Step two: read these science-fiction and fantasy tales as if they are the only stories you will discover on your bookshelf this day.
Step three: dare to feel.
Another Wolfmoor collection, albeit published under another name! If Wolf Among the Wild Hunt took my breath away, then So You Want to Be a Robot stole my heart. Again, Wolfmoor’s prose is just magical, as if every story is a spell, from the first (This Is Not a Wardrobe Door, which is for everyone who ever threw The Lion, the Witch and the Wardrobe at the wall for the cruelty of its ending) to the last (How to Become a Robot in 12 Easy Steps, wherein the MC falls in love with the robot who sells them coffee, which – valid). Again, there’s plenty of queerness; again, the sheer creativity of Wolfmoor’s imagination is just delightfully astonishing. A prehistoric menagerie! Rescuing the monsters under the bed! A stranger tattooed with maps! This is a book I want to push into everybody’s hands, honestly, and I know I’ll be rereading it year after year, and only treasuring it more as time goes on.
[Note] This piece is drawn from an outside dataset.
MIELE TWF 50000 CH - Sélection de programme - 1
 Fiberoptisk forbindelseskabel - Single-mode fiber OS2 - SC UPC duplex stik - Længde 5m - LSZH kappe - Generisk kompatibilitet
Genres: Fantasy, Historical Fantasy, Queer Protagonists
Published on: 1st November 2022
ISBN: B09NHJLQXP
Goodreads
Magic! Murder! Shipboard romance! The second entry in Freya Marske's beloved The Last Binding trilogy, the queer historical fantasy series that began with A Marvellous Light
The most interesting things in Maud Blyth's life have happened to her brother Robin, but she's ready to join any cause, especially if it involves magical secrets that may threaten the whole of the British Isles. Bound for New York on the R.M.S. Lyric, she's ready for an adventure.
What she actually finds is a dead body, a disrespectful parrot, and a beautiful stranger in Violet Debenham, who is everything—a magician, an actress, a scandal—Maud has been trained to fear and has learned to desire. Surrounded by the open sea and a ship full of loathsome, aristocratic suspects, they must solve a murder and untangle a conspiracy that began generations before them.
A Restless Truth took me by surprise; I picked it up when looking for an easy read, because I was struggling to focus on anything but missed reading. What I got was a MASSIVE book hangover, because this book filled me up with so much glittery, electric delight that it was a while before I could read anything else. Marske’s sophomore novel is just plain FUN; giggly, over-the-top, and somehow joyful even when The Bad Guys Are At It Again. It’s not often that a book puts this big a smile on my face, and for that alone, I had to include Restless Truth on this list!
Genres: Horror
Representation: Secondary mlm character
Published on: 2nd October 2012
ISBN: B008EXK672
Goodreads
And Lucifer said: “Let us rise against Him now in all our numbers, and pull the walls of heaven down…”
The year is 1348. Thomas, a disgraced knight, has found a young girl alone in a dead Norman village. An orphan of the Black Death, and an almost unnerving picture of innocence, she tells Thomas that plague is only part of a larger cataclysm—that the fallen angels under Lucifer are rising in a second war on heaven, and that the world of men has fallen behind the lines of conflict.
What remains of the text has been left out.